Dataset section section start

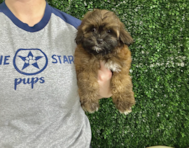 10 week old Shih Poo Puppy For Sale - Lone Star Pups
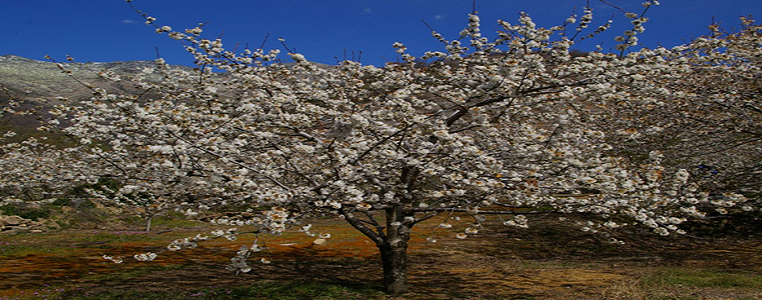 EXTREMADURA AMB TREN
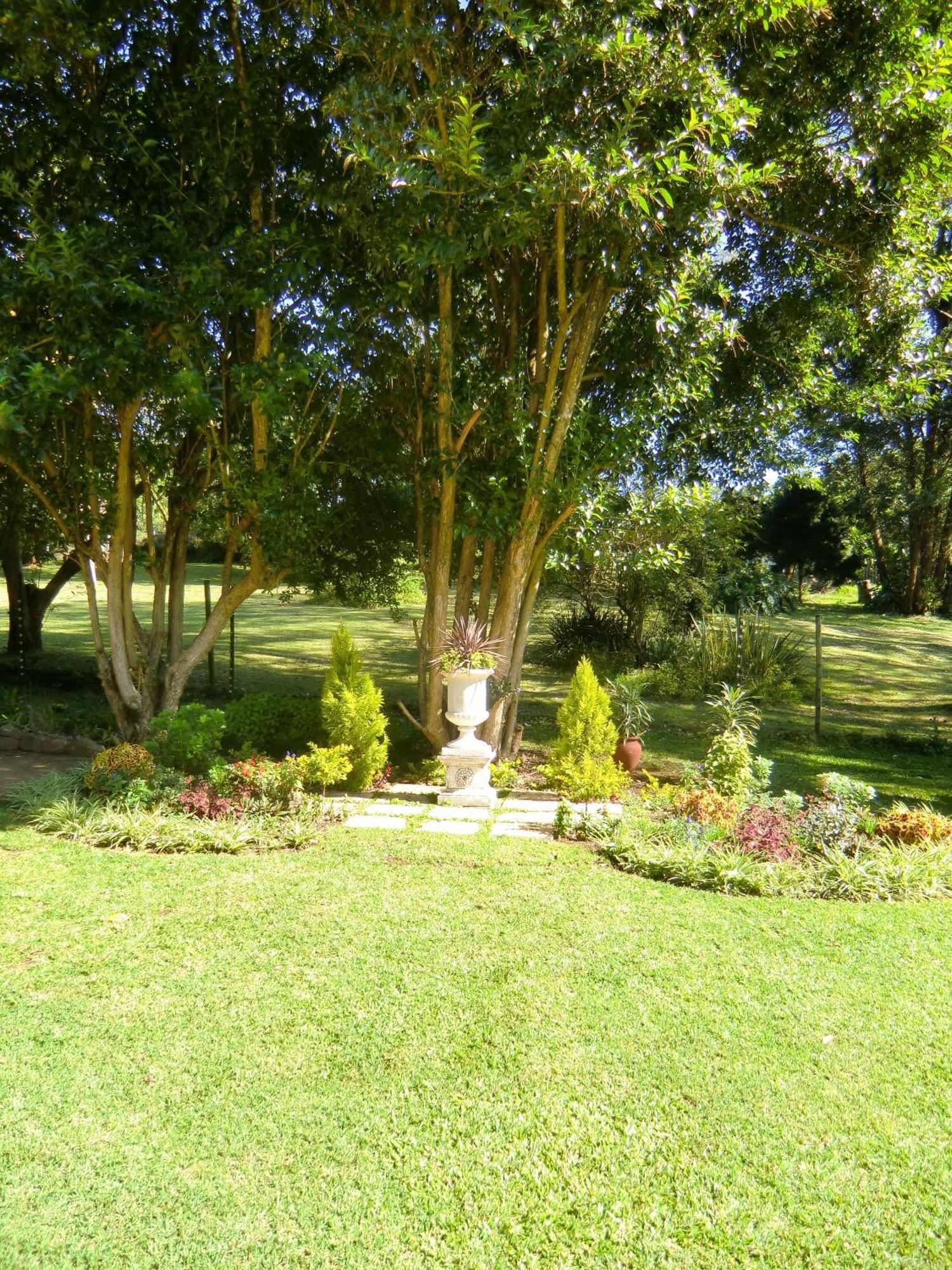 Warrens Guest House Hillcrest Chambre photo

Dataset section section end

> Task to complete
Retype the entire listing exactly as it appears, dropping only the pictures.

> Your response
 10 week old Shih Poo Puppy For Sale - Lone Star Pups
 EXTREMADURA AMB TREN
 Warrens Guest House Hillcrest Chambre photo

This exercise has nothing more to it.